オードリー・ヘップバーンは
彼女の主治医と結婚したのか?

  オードリー・ヘップバーンが精神科医と結婚した、という話は有名である。しかしこの結婚を、「主治医と患者の結婚」というふうに捉えてよいかは大問題である。

 もし、ヘップバーンが患者として主治医に恋をして、最終的に二人が結婚した、ということになれば、精神療法という観点から見ると、どのように説明できるのか。精神科医の神田橋條治氏は次のように説明している。


(以下引用)
 ずいぶん昔のことになるが、オードリー・ヘップバーンが、離婚の傷心を癒すために治療を受けていた心理療法家と結婚したことが、報道されたことがあった。治療契約が二等辺三角形から二者間関係へと改訂されたのである[この点については「恋愛転移」をご覧下さい:管理者]。

 そうした結婚は、本質として治療契約であるから、二人を結びつける契機となった不幸せが縮小したとたん、解消されるのが常である。不幸せが縮小しなければ永続する。

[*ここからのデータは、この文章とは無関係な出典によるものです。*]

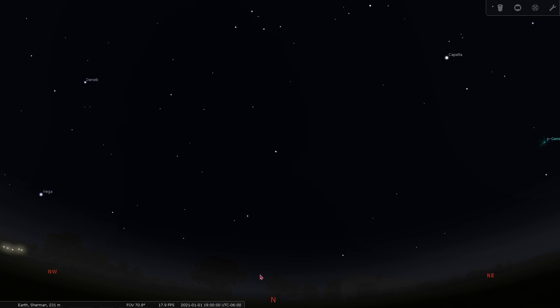Today we're going to take a look at the northern sky. One constellation that can be easy to spot is Cassiopeia. You can recognize this constellation by its W or M shape.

 もっとも、縮小までの共同生活のなかで、別種の絆が育ってくる可能性は十分ある。ヘップバーンの場合は、十年たたずに解消となった。彼女の不幸せは縮小し、別種の絆は育たなかったのであろう。


 二者関係への改定に踏み切った心理療法家は、こうした経過になることを読めていたのであろうか。

 読めていたなら、結婚の時点で、そうした予測を告げておく方が、専門家として人間として、フェアである。

 そうでないと、株式のインサイダー取引と同種の、アンフェアな行いとなる
(以上、神田橋條治『精神療法面接のコツ』岩崎学術出版社、1990年初版、242頁より)



 神田橋氏はこのように指摘しているのだが、本当に、オードリー・ヘップバーンは、「離婚の傷心を癒すために治療を受けていた心理療法家と結婚した」のか?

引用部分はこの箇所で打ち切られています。